What you will do:
Only the pictures are to be dropped, and the rest of the data should be copied exactly.

Given data:

------------------------------------------------

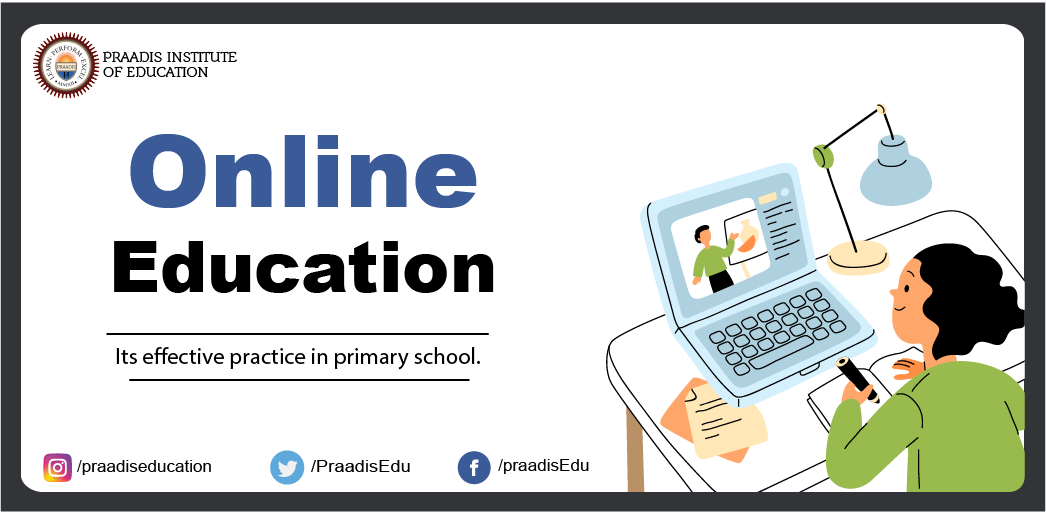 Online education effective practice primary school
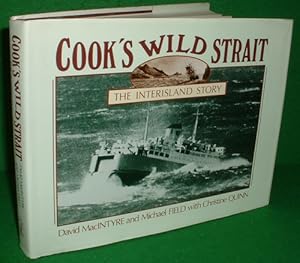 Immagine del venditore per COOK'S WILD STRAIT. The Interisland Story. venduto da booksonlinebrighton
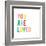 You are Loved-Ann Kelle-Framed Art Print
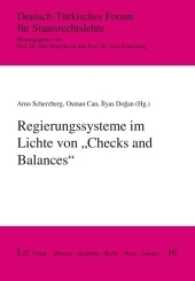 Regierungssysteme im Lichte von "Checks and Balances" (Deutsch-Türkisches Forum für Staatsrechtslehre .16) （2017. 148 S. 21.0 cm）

------------------------------------------------

Completed exercise:
 Online education effective practice primary school
 Immagine del venditore per COOK'S WILD STRAIT. The Interisland Story. venduto da booksonlinebrighton
 You are Loved-Ann Kelle-Framed Art Print
 Regierungssysteme im Lichte von "Checks and Balances" (Deutsch-Türkisches Forum für Staatsrechtslehre .16) （2017. 148 S. 21.0 cm）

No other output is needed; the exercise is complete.